人間関係

チームワークの心理学

投稿日:2018年6月17日 更新日:

どうすればチームはまとまるのか?

自分がチームをまとめる立場に立ったり、会社をつくったり、どうすれば団結力のあるチームにすることが出来るのか?

よくあるのは、悪くはないですが飲み会をしてみたり社員旅行をしてみたりされると思いますが、あまり効果はないです。

社会心理学者のムザファー・シェリフによると、

一緒に楽しいことをするよりも、協力が必要な共同作業を行ったほうが信頼関係が芽生える

ということがわかっています。

これは企業だけではなく、友達でも家族でも一緒です。協力しないと乗り越えられないようなことを一緒に乗り越えることが信頼関係に繋がります。

さらに、

親睦を深めるよりも困難な課題を与えるほうが強い信頼関係を築ける

ということもわかっています。

例えば、同僚同士がお互い能力は高いのに仲が悪いとか、兄弟でケンカばかりしているとかという問題がある場合には、できるだけ困難な共同作業をさせることをおすすめします。

敵対する者同士には困難な共同作業をさせること

 

チームのやる気を高めるには

チームに溶け込むということはチームに貢献するということでチームにとって必要な人間だと認められるということです。
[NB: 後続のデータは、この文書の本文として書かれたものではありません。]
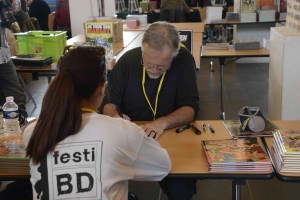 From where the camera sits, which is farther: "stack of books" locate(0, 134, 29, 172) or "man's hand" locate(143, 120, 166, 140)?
"man's hand" locate(143, 120, 166, 140)

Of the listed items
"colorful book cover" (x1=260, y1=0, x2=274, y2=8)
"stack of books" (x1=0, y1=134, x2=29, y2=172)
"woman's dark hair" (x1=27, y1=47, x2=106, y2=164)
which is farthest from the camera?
"colorful book cover" (x1=260, y1=0, x2=274, y2=8)

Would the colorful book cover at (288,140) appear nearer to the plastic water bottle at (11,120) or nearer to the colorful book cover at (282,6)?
the plastic water bottle at (11,120)

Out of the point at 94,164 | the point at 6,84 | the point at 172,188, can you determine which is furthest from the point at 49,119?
the point at 6,84

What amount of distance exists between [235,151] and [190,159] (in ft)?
0.62

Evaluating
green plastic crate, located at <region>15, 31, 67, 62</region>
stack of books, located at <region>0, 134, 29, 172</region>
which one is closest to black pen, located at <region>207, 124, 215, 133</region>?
stack of books, located at <region>0, 134, 29, 172</region>

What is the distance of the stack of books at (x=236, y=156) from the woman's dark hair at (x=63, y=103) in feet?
1.95

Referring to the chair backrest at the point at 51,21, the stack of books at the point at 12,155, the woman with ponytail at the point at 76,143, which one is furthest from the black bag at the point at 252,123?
the chair backrest at the point at 51,21

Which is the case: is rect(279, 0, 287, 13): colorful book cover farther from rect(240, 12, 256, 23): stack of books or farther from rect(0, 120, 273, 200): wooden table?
rect(0, 120, 273, 200): wooden table

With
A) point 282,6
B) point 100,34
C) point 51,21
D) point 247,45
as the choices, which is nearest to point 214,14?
point 282,6

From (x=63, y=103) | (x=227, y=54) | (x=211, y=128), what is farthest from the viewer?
(x=227, y=54)

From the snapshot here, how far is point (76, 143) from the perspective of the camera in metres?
1.50

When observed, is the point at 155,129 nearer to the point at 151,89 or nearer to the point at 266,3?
the point at 151,89

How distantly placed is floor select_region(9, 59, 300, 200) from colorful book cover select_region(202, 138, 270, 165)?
1.16 metres

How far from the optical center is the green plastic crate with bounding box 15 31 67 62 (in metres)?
3.81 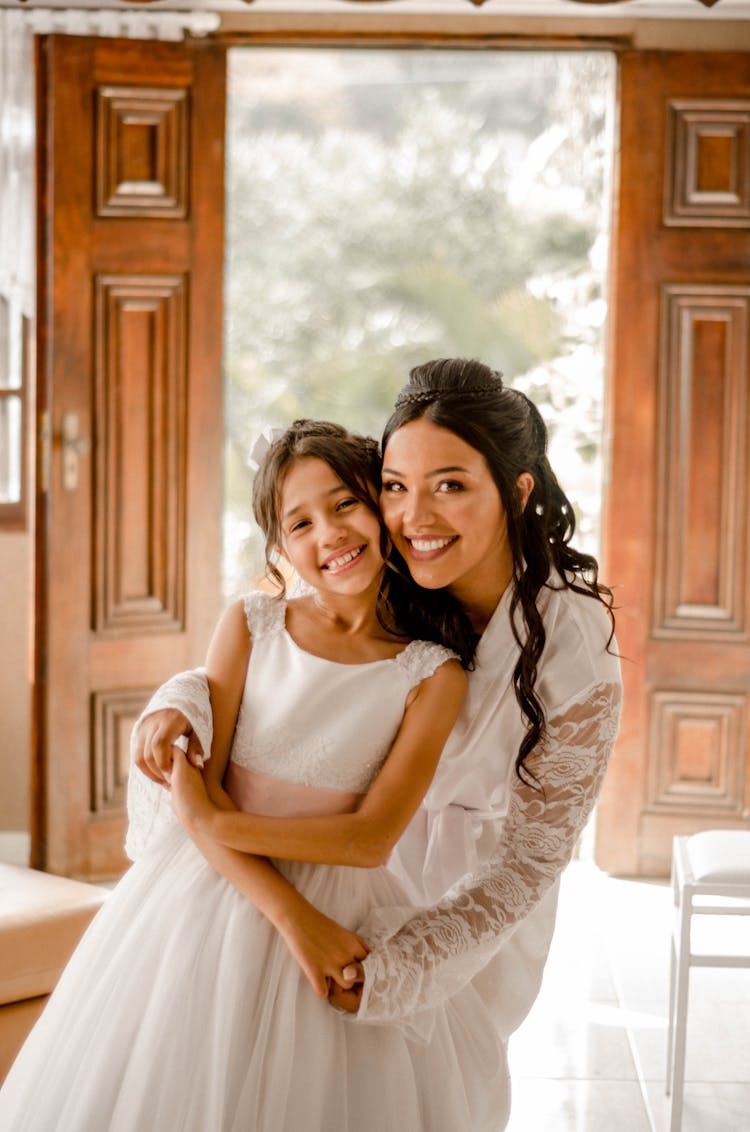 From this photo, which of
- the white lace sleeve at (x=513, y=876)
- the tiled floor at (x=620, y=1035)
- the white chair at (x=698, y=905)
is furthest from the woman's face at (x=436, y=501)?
the tiled floor at (x=620, y=1035)

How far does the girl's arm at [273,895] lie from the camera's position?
1.58 metres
そういったチームにとって必要な人材が入ってくるとチームのやる気は高まります。

チームに溶け込むということは、チームの人達が協力的になっているかどうかが大事です。ではどうすればチームに人たちが協力的になってくれるのか?

人間は一旦同じ行動をとっていると認識できると協力的になることがわかっています。

ですから無理に話を合わせたりするのではなく、同じ行動をしているなと感じたほうが協力的になりやすいです。

同じ行動をとっているとわかってもらうことが大事になります。

スタンフォード大学のスコット・ウィルターマス氏の行った研究で、対象の人たちを3つのグループに分けます。

  • カナダ国家を黙読したグループ
  • 一緒に大声でカナダ国家を歌ったグループ
  • ひとりでヘッドフォンをしてカナダ国家を歌ったグループ

それぞれ歌った後に報酬がもらえます。そうすると、一緒に歌ったグループ、つまりグループの皆と同じ行動をとったと認識しているグループに限ってはその報酬を山分けする確率が高かったという結果が出ています。つまり協力的になったということです。
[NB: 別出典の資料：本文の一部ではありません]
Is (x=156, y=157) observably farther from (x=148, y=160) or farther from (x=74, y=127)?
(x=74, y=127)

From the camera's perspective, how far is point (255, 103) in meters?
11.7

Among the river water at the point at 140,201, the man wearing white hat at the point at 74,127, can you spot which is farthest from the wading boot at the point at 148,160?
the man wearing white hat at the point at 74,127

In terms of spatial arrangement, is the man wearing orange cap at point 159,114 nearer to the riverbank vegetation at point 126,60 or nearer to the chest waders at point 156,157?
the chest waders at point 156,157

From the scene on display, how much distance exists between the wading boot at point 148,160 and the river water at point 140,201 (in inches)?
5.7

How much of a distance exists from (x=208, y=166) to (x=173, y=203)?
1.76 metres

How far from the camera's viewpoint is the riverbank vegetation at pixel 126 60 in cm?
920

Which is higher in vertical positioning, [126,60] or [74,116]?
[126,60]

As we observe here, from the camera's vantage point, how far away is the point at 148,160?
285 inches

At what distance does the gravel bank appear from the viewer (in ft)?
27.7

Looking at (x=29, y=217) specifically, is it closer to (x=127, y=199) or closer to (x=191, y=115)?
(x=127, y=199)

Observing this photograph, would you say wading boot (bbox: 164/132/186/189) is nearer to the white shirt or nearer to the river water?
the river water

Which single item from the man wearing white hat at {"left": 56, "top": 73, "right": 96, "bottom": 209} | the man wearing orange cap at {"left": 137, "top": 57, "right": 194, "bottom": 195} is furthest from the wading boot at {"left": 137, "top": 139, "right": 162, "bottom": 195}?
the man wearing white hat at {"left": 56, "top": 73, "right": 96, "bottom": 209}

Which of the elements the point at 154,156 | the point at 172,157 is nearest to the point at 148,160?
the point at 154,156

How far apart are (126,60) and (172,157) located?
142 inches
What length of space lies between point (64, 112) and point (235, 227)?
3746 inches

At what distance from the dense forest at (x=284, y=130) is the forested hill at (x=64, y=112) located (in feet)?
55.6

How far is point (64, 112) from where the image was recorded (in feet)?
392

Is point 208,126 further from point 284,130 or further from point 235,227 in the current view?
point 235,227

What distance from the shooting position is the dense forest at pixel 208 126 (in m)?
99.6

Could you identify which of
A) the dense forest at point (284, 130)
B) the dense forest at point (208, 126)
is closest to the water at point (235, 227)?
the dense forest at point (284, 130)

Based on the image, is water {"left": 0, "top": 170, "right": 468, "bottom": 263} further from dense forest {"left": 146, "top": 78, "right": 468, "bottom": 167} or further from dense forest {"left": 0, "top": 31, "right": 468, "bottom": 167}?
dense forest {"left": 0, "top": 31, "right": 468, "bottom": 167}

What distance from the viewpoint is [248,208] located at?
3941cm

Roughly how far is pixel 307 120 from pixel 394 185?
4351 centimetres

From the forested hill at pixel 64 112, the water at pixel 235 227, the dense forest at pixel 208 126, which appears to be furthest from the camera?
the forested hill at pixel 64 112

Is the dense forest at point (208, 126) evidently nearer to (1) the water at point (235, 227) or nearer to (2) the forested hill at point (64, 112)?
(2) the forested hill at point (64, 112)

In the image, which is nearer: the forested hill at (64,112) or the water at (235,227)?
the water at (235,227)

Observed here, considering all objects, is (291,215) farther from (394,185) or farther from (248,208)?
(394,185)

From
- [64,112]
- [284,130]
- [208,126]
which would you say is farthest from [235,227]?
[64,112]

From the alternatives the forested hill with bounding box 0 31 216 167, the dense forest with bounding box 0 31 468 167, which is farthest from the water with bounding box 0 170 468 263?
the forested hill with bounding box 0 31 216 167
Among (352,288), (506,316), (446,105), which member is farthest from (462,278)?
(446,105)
相手に、一緒に同じことをしているということを認識させることが協力的になってもらうためのポイントです。

もし、頑張っているのにチームに溶け込めないという人がいたら、例えば皆が仕事している時に自分は仕事をしていなくて、皆が休憩している時に仕事に集中しているようなことをしていると溶け込みづらくなることはあります。チームの為に頑張っているのであれば、一緒に取り組んでいるところを認識してもらうことが大事です。

逆に良くないのは、中途半端に人に合わせることです。

自分と同じことを考え、同じタイプなんだけど、ちょっと違う、惜しい人はになると余計気に食わないということがあると思います。
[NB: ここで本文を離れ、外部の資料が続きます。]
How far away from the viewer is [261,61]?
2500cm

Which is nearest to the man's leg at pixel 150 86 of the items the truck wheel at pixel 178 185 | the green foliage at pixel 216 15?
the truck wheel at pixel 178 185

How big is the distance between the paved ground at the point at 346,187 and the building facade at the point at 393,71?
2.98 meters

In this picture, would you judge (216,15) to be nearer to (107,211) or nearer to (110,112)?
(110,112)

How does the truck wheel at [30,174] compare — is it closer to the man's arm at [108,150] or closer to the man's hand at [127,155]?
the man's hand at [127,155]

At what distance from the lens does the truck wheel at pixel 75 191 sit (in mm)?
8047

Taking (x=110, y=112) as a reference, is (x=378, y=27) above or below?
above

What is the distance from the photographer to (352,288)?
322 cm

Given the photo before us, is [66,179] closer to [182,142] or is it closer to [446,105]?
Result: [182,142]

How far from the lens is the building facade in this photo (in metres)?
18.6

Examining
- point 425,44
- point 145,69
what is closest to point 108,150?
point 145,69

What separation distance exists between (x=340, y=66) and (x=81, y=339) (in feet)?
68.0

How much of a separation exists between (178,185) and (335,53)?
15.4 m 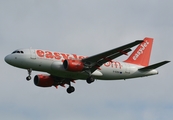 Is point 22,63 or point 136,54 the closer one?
point 22,63

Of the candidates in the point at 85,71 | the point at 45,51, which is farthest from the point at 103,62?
the point at 45,51

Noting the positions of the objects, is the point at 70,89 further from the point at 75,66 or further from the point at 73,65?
the point at 73,65

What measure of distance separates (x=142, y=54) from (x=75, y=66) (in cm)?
1383

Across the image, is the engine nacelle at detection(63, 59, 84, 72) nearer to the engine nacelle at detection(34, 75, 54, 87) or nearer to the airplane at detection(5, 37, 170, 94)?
the airplane at detection(5, 37, 170, 94)

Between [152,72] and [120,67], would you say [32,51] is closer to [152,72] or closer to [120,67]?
[120,67]

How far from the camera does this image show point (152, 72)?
2638 inches

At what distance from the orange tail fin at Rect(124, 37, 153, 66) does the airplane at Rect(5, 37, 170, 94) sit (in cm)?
4

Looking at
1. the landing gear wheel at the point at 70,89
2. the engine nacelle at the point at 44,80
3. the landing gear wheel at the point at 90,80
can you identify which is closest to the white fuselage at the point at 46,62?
the landing gear wheel at the point at 90,80

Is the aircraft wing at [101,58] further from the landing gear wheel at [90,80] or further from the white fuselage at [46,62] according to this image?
the landing gear wheel at [90,80]

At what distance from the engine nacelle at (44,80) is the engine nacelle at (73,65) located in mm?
6848

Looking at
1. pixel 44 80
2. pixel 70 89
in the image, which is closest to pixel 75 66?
pixel 44 80

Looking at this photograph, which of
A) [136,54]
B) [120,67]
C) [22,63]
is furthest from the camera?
[136,54]

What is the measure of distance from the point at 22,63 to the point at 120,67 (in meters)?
12.7

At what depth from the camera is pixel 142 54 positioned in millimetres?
70750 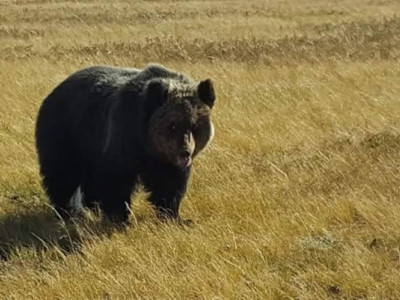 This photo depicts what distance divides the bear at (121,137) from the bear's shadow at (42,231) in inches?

ダートマス大学の心理学者ジュディス・ホワイト氏の研究ですが、自分と考えは似ているけれど徹底していない人を人間は嫌うということがわかっています。

共通点もそれなりにあり似た考えなのに徹底できていない人を嫌ってしまうわけです。

実験では、

  • ビーガン:乳製品や卵すらも食べない菜食主義者
  • ベジタリアン:乳製品や卵はOKだけど肉は食べない菜食主義者

この2種類の被験者にアンケートを行った結果、ビーガンの人がベジタリアンに感じている偏見とベジタリアンの人がビーガンに感じている偏見を比較すると、徹底した菜食主義を行っているビーガンの人が、ビーガンの人からすると中途半端に感じる菜食主義者のベジタリアンに対する偏見のほうが3倍も強かったそうです。

つまり、人間は自分と真逆の人を嫌うというよりは、同じタイプなのに徹底していない人を嫌うということです。

だから下手に合わせると失敗します。

チームに溶け込もうと、中途半端に話を合わせたりすると痛い目を見ます。

相手の意見や考えに乗っかって話を合わせるのではなく、例えば、勉強になりましたとか、自分の好きな分野でも同じようにこんな考えがありますなど、違ったジャンルでも共通点があるんですね・・・などという見せ方をするのがおすすめです。

違ったジャンルということを前提としながらも共通点を見出していくことが大事です。